Cinéma : « Les citronniers » par Eran Riklis

Publié le : 2 janvier

Sortie en salles / 23 avril 2008.
Disponible en D.V.D.

Bien qu’il soit né en 1954 à Jérusalem et qu’il vive en Israël, Eran Riklis a coutume de se définir comme un « cinéaste du monde », ayant vécu tour à tour en Israël, au Canada, aux Etats-Unis et au Brésil. C’est l’article d’un journal israélien relatant les démêlés du ministre de la Défense d’Israël avec ses nouveaux voisins palestiniens, qui a été le point de départ du film.

Salma vit dans un petit village palestinien de Cisjordanie, situé sur la Ligne verte qui sépare Israël des territoires occupés. Sa plantation de citronniers est considérée comme une menace pour la sécurité de son nouveau voisin, le ministre israélien de la Défense. Il ordonne à Salma de raser les arbres sous prétexte que des terroristes pourraient s’y cacher. Salma est bien décidée à sauver coûte que coûte ses magnifiques citronniers. Quitte à aller devant la Cour Suprême !

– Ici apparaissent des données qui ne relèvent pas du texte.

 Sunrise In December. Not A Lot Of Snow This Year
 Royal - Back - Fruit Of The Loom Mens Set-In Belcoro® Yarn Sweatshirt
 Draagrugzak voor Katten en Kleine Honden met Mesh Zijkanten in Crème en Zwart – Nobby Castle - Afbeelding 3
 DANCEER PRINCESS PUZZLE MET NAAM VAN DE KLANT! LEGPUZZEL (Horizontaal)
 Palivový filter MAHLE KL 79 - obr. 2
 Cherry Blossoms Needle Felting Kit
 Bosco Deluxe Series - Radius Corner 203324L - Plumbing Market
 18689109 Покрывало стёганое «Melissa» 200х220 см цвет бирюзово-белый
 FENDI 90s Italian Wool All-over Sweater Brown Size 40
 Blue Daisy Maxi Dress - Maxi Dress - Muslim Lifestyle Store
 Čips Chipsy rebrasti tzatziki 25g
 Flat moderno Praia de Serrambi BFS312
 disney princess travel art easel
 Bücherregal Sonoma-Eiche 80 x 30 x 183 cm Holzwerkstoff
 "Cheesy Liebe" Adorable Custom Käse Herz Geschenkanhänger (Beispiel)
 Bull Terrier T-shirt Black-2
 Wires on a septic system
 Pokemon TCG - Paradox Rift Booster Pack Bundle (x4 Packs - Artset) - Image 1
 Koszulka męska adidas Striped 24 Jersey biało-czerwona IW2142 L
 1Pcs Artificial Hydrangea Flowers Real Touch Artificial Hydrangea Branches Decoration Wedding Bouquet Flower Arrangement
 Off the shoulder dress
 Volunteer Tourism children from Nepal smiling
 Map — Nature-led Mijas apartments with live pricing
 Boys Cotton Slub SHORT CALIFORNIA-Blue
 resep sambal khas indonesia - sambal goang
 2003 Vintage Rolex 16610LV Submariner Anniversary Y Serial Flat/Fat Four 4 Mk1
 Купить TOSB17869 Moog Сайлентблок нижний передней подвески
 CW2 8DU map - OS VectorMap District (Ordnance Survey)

Prix du public du meilleur film à la « Berlinade » 2008, « Les citronniers » est une plongée belle et émouvante dans la vie quotidienne des israélo-palestiniens, qui change notre vision parfois trop simpliste du conflit. Le cinéaste évite tous les écueils de son sujet (compassion, politiquement correct et filmique, manichéisme et autre travers du film à thèse) pour signer une réalisation sobre et nuancée. Le drame personnel de son personnage central émeut (géniale Hiam Abbass) et on apprécie l’intelligence de la narration.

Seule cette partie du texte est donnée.